25C’est la raison pour laquelle Sosnowski se sent embarrassé du terme même de « traduction ». Il cherche la solution dans la philosophie : la traduction est comme le temps, et on sait ce que disait saint Augustin à ce sujet :« Si personne ne me le demande, je le sais, mais si on me le demande et que je veuille l’expliquer, je ne sais plus31. » Il s’ensuit que la « traduction » est une activité, un fragment de la vie en train de s’accomplir, en un sens au-delà de la connaissance du traducteur, comme les fonctions de notre corps, auxquelles d’habitude nous ne pensons pas. D’après l’auteur de Konwój [Convoi], « le mot “traduction” n’est pas pleinement traduisible, ni d’une langue à une autre, ni du temps au temps32 ». Cette idée a été déclenchée, comme on le sait, par le texte d’Ezra Pound qui est une traduction du poème de Properce (selon certains critiques une traduction totalement manquée et erronée ; selon d’autres, p.ex. d’après T.S. Eliot, une traduction réussie mais hasardeuse) ou qui ne l’est pas (comme l’affirmait Pound lui-même). Le problème concerne donc la notion même de traduction et les limites de son application. Andrzej Sosnowski propose une solution : tout en admettant qu’il existe une histoire de la traduction, il ajoute que « ce n’est pas une histoire universelle et supralinguistique, mais une histoire idiomatique et régionale33 ».La traduction est donc toujours une transmission locale tenant compte des conditions et circonstances historiques liées à une langue locale ; en effet, ce qui restera pour les uns une « traduction » sera pour les autres une « paraphrase », une « imitation », une « polonisation ». Il est important, affirme Sosnowski, de rappeler également la deuxième signification du mot « transmission » : le texte original et la traduction se propulsent l’un l’autre, se mettent en mouvement et fixent le rythme harmonisé. Bref, il ne s’agit pas de rester fidèlement proche de l’original, mais de se laisser vibrer dans un mouvement de rotation à la vitesse appropriée.

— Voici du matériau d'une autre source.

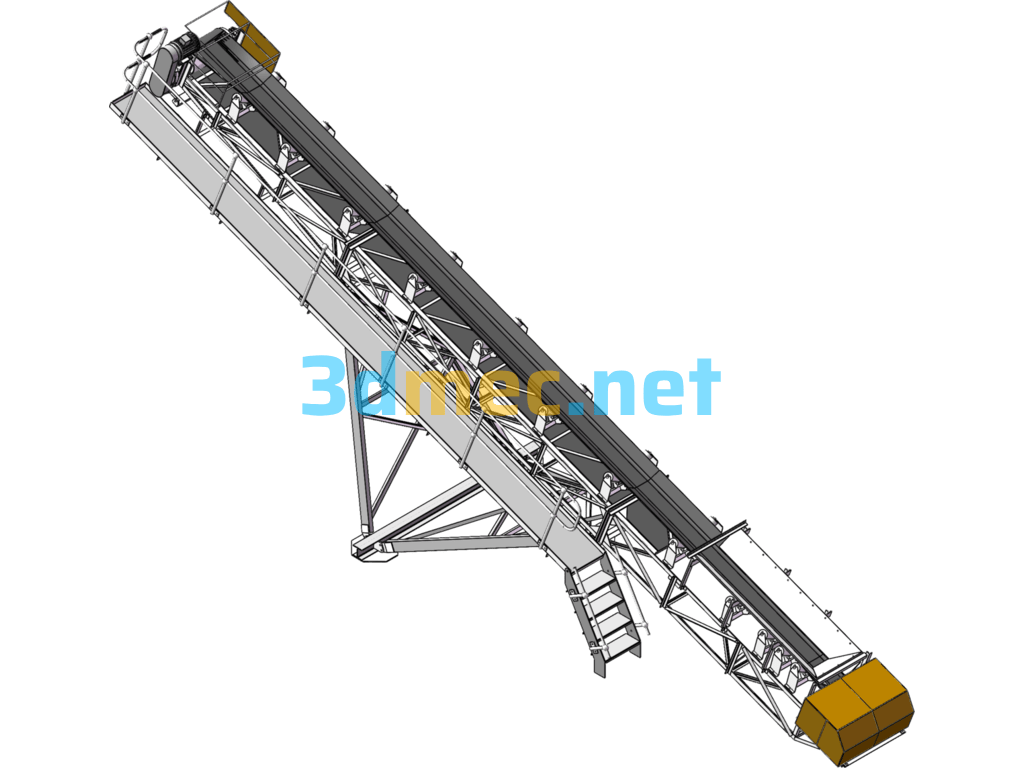 B600-12m Belt Conveyor 3D Model - 3D Model SolidWorks Free Download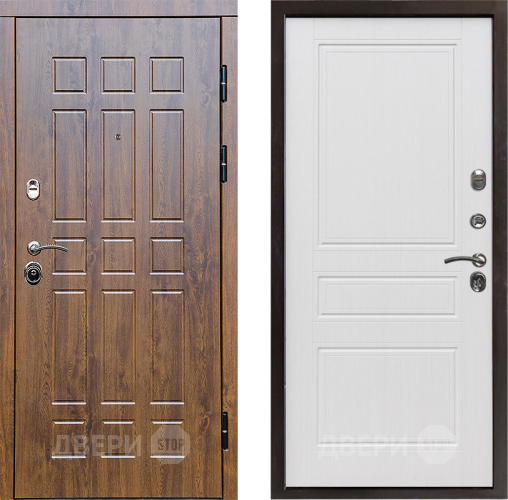 Входная металлическая Дверь Престиж Стандарт Классика Белое дерево в Рузе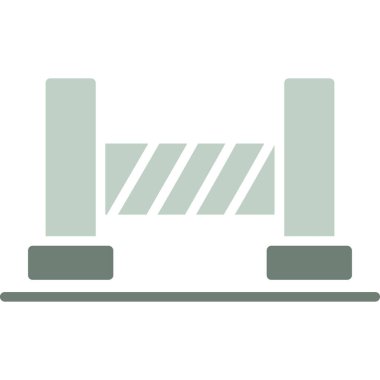 Fabrika ikonu. düz dizayn vektörü 10.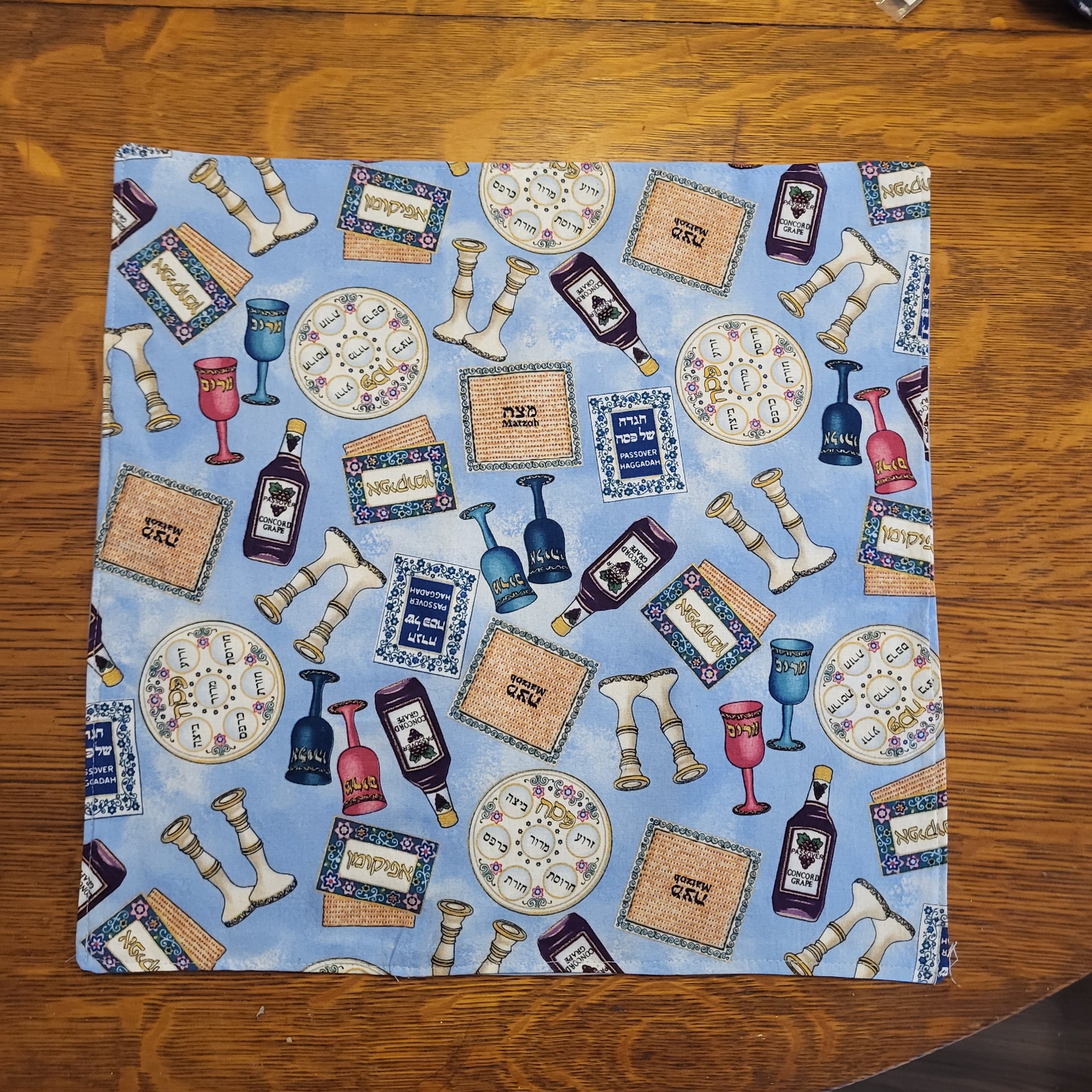 Passover handmade lined cloth napkin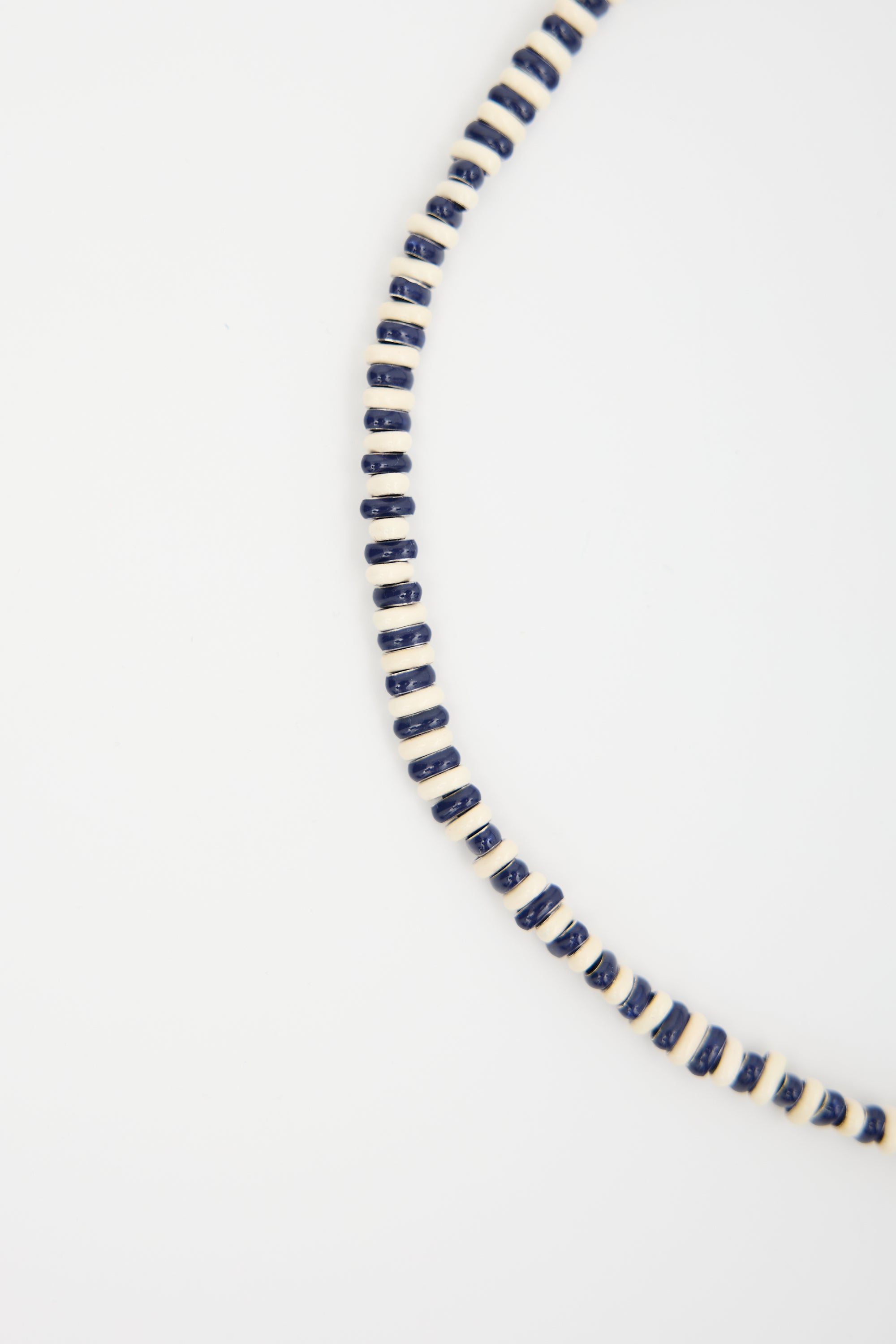 Adina Reyter Enamelled Sterling Silver Midnight Stripes Necklace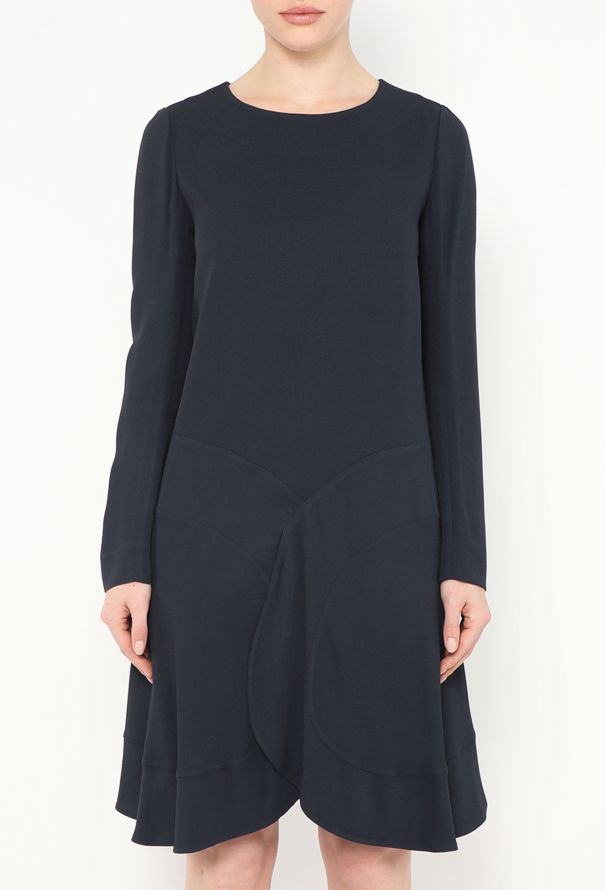 Chloé 2015 Scalloped Crêpe Dress - 2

26Dans cette situation, le texte traduit sera forcément plus proche de la langue et de la culture du traducteur que de celles de l’auteur. Un tel texte peut surprendre par le degré de l’aisance de la traduction, mais pas par l’aisance de la parole poétique avec laquelle il développera les possibilités sémantiques et syntaxiques du langage du traducteur. C’est ainsi que Magda Heydel voit les traductions de Stanisław Barańczak et Seamus Heaney. En commentant leurs traductions des Thrènes de Jan Kochanowski, Heydel privilégie le rôle du destinataire des traductions : le lecteur anglophone est censé percevoir le texte de Kochanowski comme une œuvre poétique à part entière, bien inscrite dans les traditions de la rhétorique et de la forme de la poésie anglaise. Lorsqu’on ne connaît pas la langue source, la traduction doit s’adapter aux connaissances et à la sensibilité du lecteur en desserrant les liens étroits avec l’original. Comme l’écrit Heydel : « Elle doit devenir indépendante en tant qu’objet d’interprétation, c’est-à-dire en tant qu’œuvre d’art34 ». Cela signifie la fin du littéralisme, bien que — ajoutons-le à nos risques et périls — on puisse garder ce concept s’il était orienté différemment. Le « littéralisme » compris non comme une fidélité au dictionnaire, mais comme un mouvement vers des significations libérées du contexte original. Le « littéralisme » non comme « dosłownikowość » (« un dictionnarisme »), mais comme un tournant vers le mot dans sa liberté, dont l’horizon est déterminé non par la culture du texte original, mais par la culture de l’univers du destinataire de la traduction. Revenons au texte de Magda Heydel et à sa conclusion : « Un poème traduit [...] ne peut pas perdre l’élégance et la beauté de l’original, mais devrait les transférer dans un contexte culturel différent, souvent par des moyens différents des ceux utilisés dans le texte original35 ».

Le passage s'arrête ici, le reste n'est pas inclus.